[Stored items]
Content starts
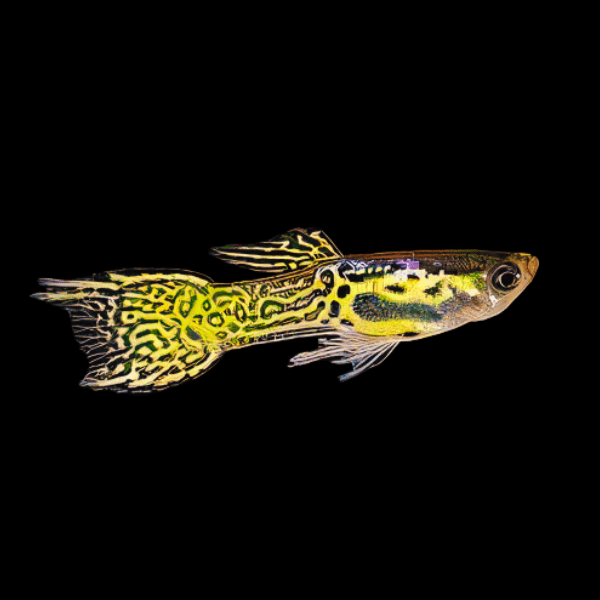 Snakeskin Endler Fish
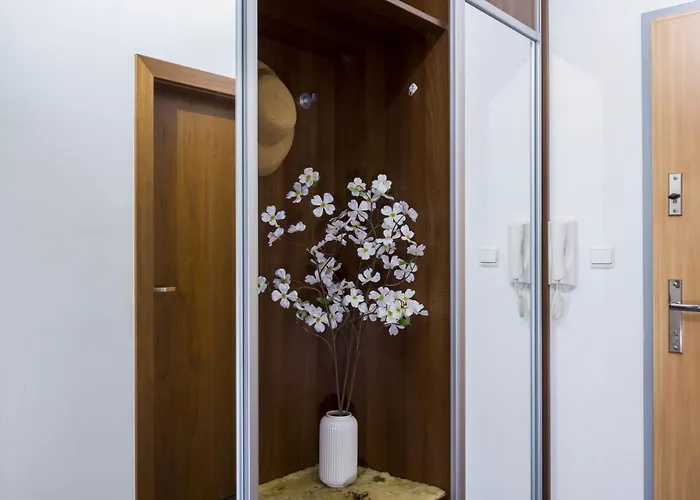 Connect Apartmán *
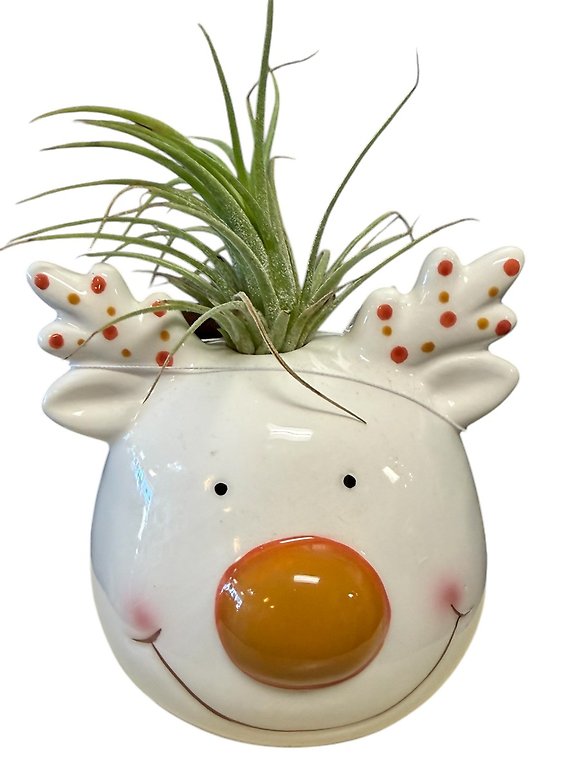 Christmas Character with Air Plant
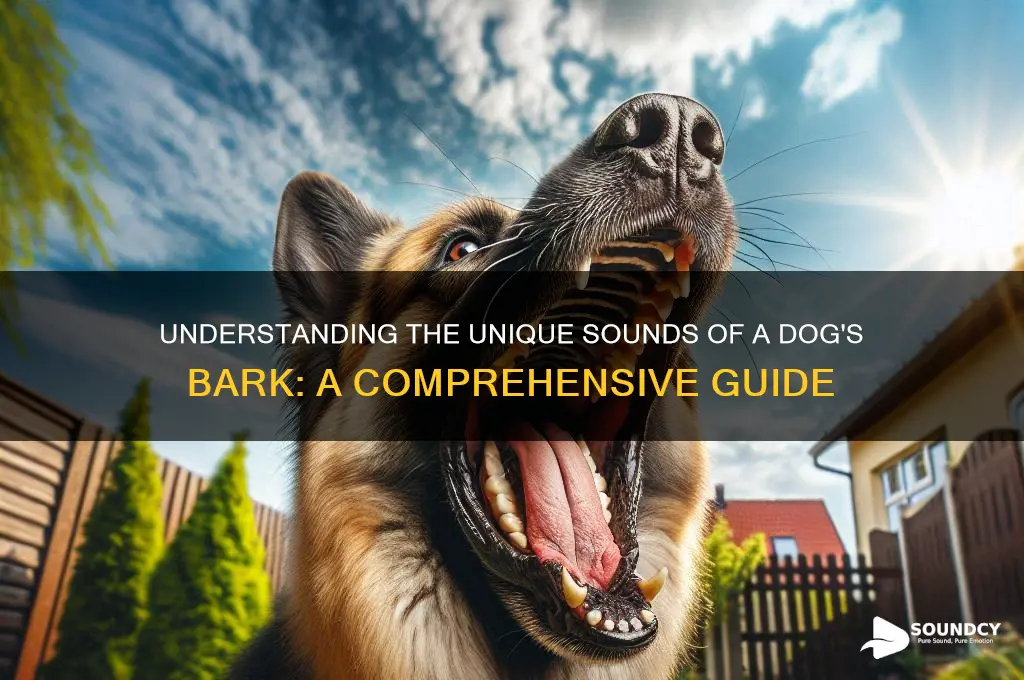 how does dog bark sound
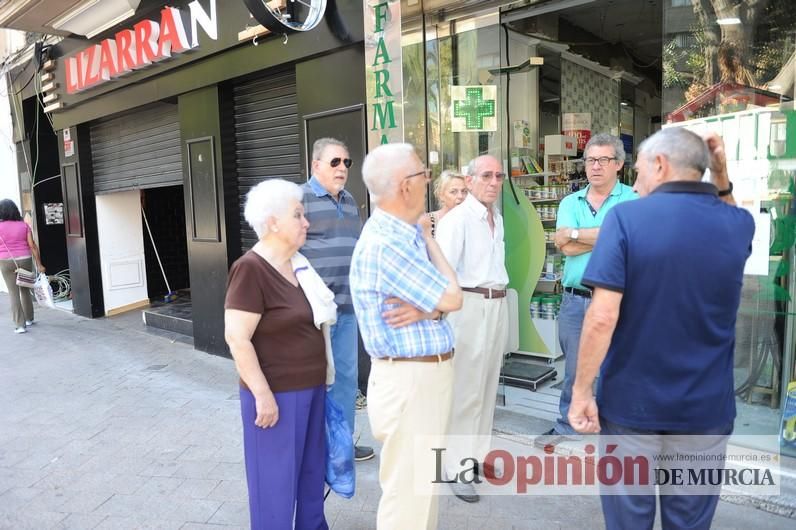 El día después de la caída de la rama del ficus de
Content ends
Instructions for the task
Copy the entries exactly. No pictures.

Response to this task
 Snakeskin Endler Fish
 Connect Apartmán *
 Christmas Character with Air Plant
 how does dog bark sound
 El día después de la caída de la rama del ficus de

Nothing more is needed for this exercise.